Ballast water contains a variety of organisms, such as marine and coastal plants and animals from different regions of the world. If taken up in one place and released in another, some organisms may survive and establish in their new environment. These “non-native species” can have a serious ecological, economic and public health impact on the receiving environment. To combat the problem of invasive species from ballast water, the IMO adopted the International Convention for the Control and Management of Ships’ Ballast Water and Sediments in 2004. On 8 September 2017, the Convention entered into force.
Implementation of the IMO convention
The BWM Convention stipulates two standards for discharged ballast water. The D-1 standard covers ballast water exchange while the D-2 standard covers ballast water treatment. D-1 has been mandatory since 8 September 2018. After the first IOPP renewal survey after 8 September 2019*, vessels will be required to meet the discharge standard D-2 by installing an approved Ballast Water Management System (BWMS). New ships will be required to have a treatment system installed at delivery.

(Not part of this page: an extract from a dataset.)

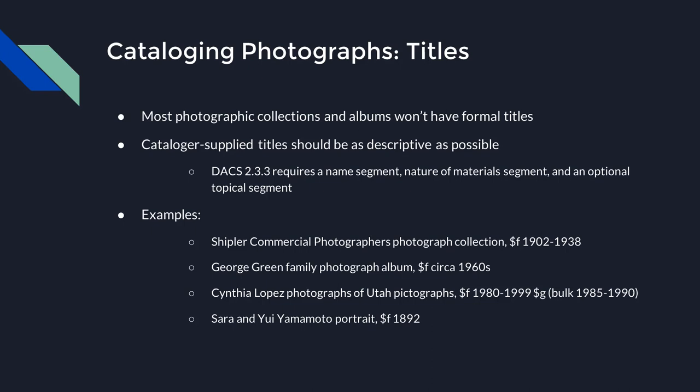Cataloger-supplied titles should be as descriptive as possible. DACS 2.3.3 requires three elements: the name segment, the nature of materials segment, and an optional topical segment. For example, 'Schipler Commercial Photographers Photograph Collection' — name segment is 'Schipler Commercial Photographers,' nature of materials is 'photograph collection.' Or 'Cynthia Lopez Photographs of Utah Pictographs' — name is 'Cynthia Lopez,' nature of materials is 'photographs,' and the topical segment is 'Utah Pictographs.' While titles should be descriptive, you don't have to go overboard — 'Family Photograph Album' gives patrons enough information to have a sense of what they're looking at.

*The renewal survey is the survey according to regulation E-1.2 of the BWM Convention, which is defined as the date of the renewal survey according to MARPOL Annex I, Reg. 6.2 (IOPP) by a separate resolution.

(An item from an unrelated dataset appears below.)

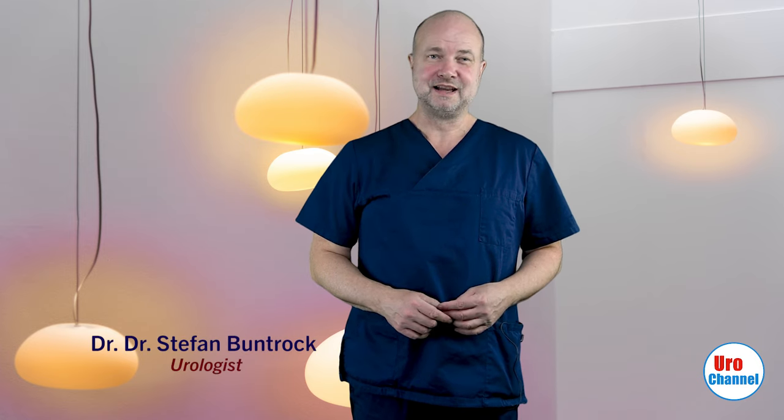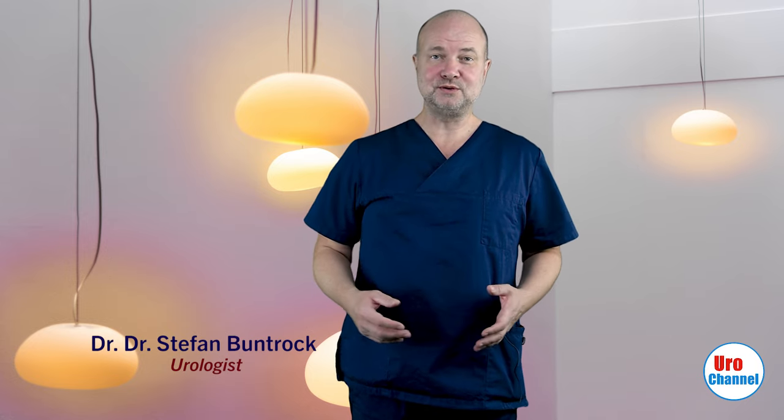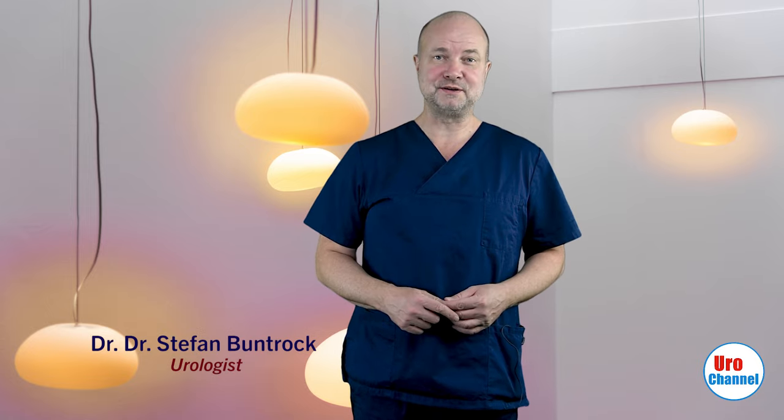Hi everybody, welcome to Uro channel. Some of you have asked about penile extenders, so here it is — my review about what they do, what to expect, and problems you might run into with the different devices.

For ship owners and operators, this means that they must now have an International BWM Certificate.
To obtain the certificate, a vessel must have a BWM Plan addressing procedures for BW exchange, BW treatment or both. If a BWM System is installed, then approved technical documentation for the BW treatment system installation must be available on board. Additionally, a Ballast Water record book is required, and the vessel must employ the chosen ballast water management method.
A commissioining test shall be arranged to verify if the ballast water discharge meets the D-2 discharge standard. Sampling and analysis shall follow BWM.2/Circ.70/Rev.1.